**Task objective:** Transcribe, starting at the line with "bridge, lights, twilight" and ending at the line with "a clock tower", every line of the material below exactly, but leave out the pictures and anything outside that span.

**Provided records:**
**********
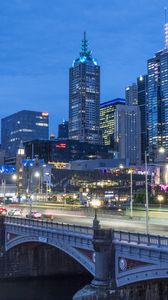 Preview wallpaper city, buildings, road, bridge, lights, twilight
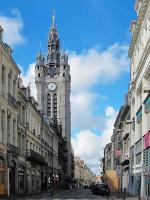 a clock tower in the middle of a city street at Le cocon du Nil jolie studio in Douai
**********
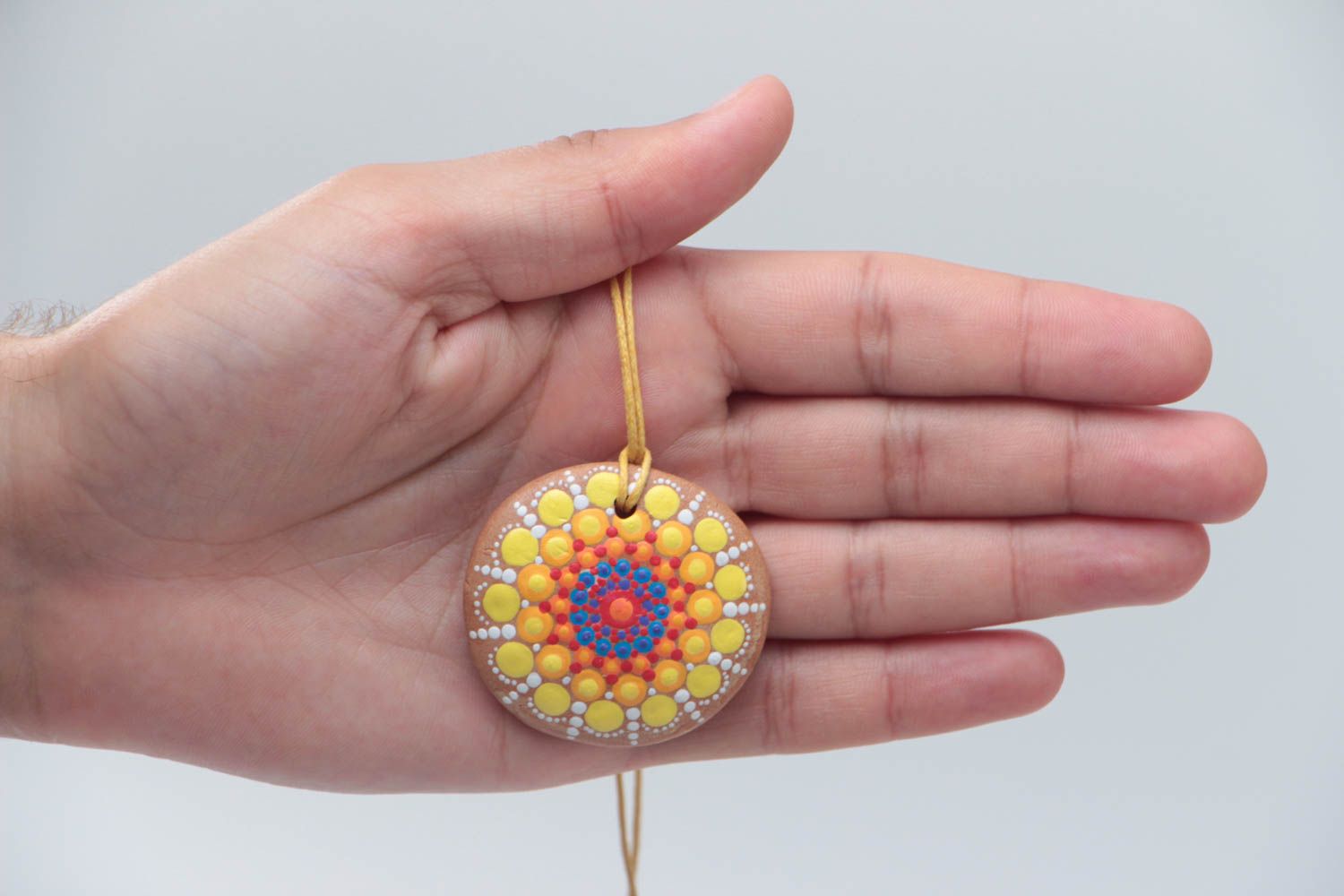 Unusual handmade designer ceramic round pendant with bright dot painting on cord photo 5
**********
**Exercise result:**
 Preview wallpaper city, buildings, road, bridge, lights, twilight
 a clock tower in the middle of a city street at Le cocon du Nil jolie studio in Douai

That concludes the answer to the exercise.